Friday, June 27, 2014

Introduction: The First Three Paragraphs - Revised! And now it's four.

The first thing I am doing in my work on the book this summer is writing a new introduction.  My thought is that doing this will help me to frame the book clearly, first of all for myself I continue working on it, and then for its eventual readers.

Below are the first three paragraphs of the new Intro and so the projected first three paragraphs for the book as a whole.  My goals here are to get someone interested in actually reading the thing and then to lay out some big ideas for the book as a whole - the theoretical perspective plus some sense of the argument.  Let me know what you think.

7/1: I did a bit more fiddling with this - added a sentence and moved some things around. I've highlighted the new sentence.




She stands with her weight shifted slightly to her left and with that hip pressed outward and upward, in a version of the classical contrapossto pose.  She puts that pose to a different end, however, propping a baby up on her hip and securing him against her body with a strong grasping hand.   He reaches out with one hand to grasp her veil and pull it over her chest – and with that gesture he calls attention to the play of fabric folds that the contrapossto pose creates over her lower body.    On her right, a series of curves at varying depths arc across her body from her extended hand to where the child’s body presses against hers.
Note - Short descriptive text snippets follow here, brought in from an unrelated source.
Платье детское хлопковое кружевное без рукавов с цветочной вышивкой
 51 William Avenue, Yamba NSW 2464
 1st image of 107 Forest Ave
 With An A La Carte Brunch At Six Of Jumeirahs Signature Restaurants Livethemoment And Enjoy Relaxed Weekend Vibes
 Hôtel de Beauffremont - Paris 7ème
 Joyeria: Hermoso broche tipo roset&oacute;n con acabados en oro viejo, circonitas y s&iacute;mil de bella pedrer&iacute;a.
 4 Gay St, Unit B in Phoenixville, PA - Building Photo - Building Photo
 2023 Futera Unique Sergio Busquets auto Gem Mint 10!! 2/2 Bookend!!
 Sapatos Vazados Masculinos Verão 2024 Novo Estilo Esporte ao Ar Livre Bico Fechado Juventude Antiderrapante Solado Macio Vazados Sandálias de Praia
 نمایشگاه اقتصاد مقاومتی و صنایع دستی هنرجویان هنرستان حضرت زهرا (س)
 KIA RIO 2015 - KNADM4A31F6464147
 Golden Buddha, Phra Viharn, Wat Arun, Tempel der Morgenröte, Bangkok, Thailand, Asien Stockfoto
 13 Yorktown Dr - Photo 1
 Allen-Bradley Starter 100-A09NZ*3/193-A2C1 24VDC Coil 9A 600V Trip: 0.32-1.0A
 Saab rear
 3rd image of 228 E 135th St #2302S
The topmost of these folds flips the garment inside out, revealing its white inner surface and so rhyming with her white veil above.  On her left, by contrast, the fabric gathers into tight folds along vertical lines that extend down from the pleats in the lower portion of the child’s garment.  And the very end of her veil gathers into similarly tight folds as it dangles from his hand.   The placement on this flare of folds against her chest calls attention to her breasts, which are further emphasized by curving lines that extend upwards to them as drapery folds created by the tight cinch of her belt below.
This book asks what this sculpture – an early fourteenth-century French Virgin and Child – along with a host of other medieval sculptural representations of female bodies – including the Annunciation and Visitation pairs from Reims cathedral, the femme aux serpents from the church of Saint-Pierre at Moissac, the transi of Jeanne de Bourbon-Vendome, the Eve from the church of Saint-Lazare at Autun, and a number of other Virgin and Childs – have to say about motherhood in the Middle Ages.   The most obvious answer to that question is little or nothing.  The work of anonymous but presumably male sculptors, often working for clerical and so celibate male patrons, there is little to no chance that these artworks speak of motherhood on the level of their makers’ self-expressions.  Likewise, these sculptures were not made for women as their primary beholders and so were not made to speak directly to women about their social roles as mothers. 
However, the sculptures were produced as public art for the exterior walls and interior spaces of church buildings where they had a wide range of beholders – including lay women who were mothers and potential mothers.  The difference between the producers of these sculptors and women as mothers as one group of their beholders opens a gap between their intended meanings and the other meanings liable to be produced by women coming to these artworks with their own interests, ideas, and concerns.   Thus to understand these sculptures in relationship to medieval women as mothers, we must first recognize that the interaction between a work of art and its beholders is a meaning-making activity - a theoretical perspective that is developed in this Introduction.   Approached from this perspective, the sculptures become sites where medieval women could consider their own experiences as mothers and the meanings those experiences held for them.  Indeed, the reason this book focuses on sculpture as a medium is the opportunity that this gap between producers and beholders, intended and potential meanings, creates to consider medieval women as active makers of the meanings of their own lives.  
As they continue to exist today, furthermore, these sculptures create opportunities to reconstruct at least some of these women’s maternal experiences and some of the meanings they made from those experiences.  This work of reconstruction shows motherhood to have been a complex experience for medieval women, one riven by tensions and oppositions, between life and death, empowerment and subordination, merger and separation, joy and sorrow, even love and hate.   To return to the Virgin and Child introduced above as an example, the visual forms of this sculpture suggest the tension between merger and separation that marks the process of parturition, which is explored in detail through an examination of multiple such sculptures within the context of the medieval cult of the Virgin in Chapter Four.   The mother and child are pressed together here within the vertical format of the work of art, but they are also distinguished by the two different types of drapery folds; her horizontal curves in contrast to his vertical pleats.  As those curving folds accumulate on her lower abdomen they suggest her former pregnancy in contrast to the child she now holds in her arms.  And as these same folds lead across her body to that child, they suggest his movement out of her body, a suggestion that is reinforced by the inside-out twisting of the topmost fold.  And yet as her veil resembles that fold, so his reach for it becomes a reach back into her interior.  And as the veil transforms from a curve into a tight flare of folds, it indicates his hold over her in his continuing need for her, as his need for nourishment from her body.    They are thus both joined and separated, split apart and tied together.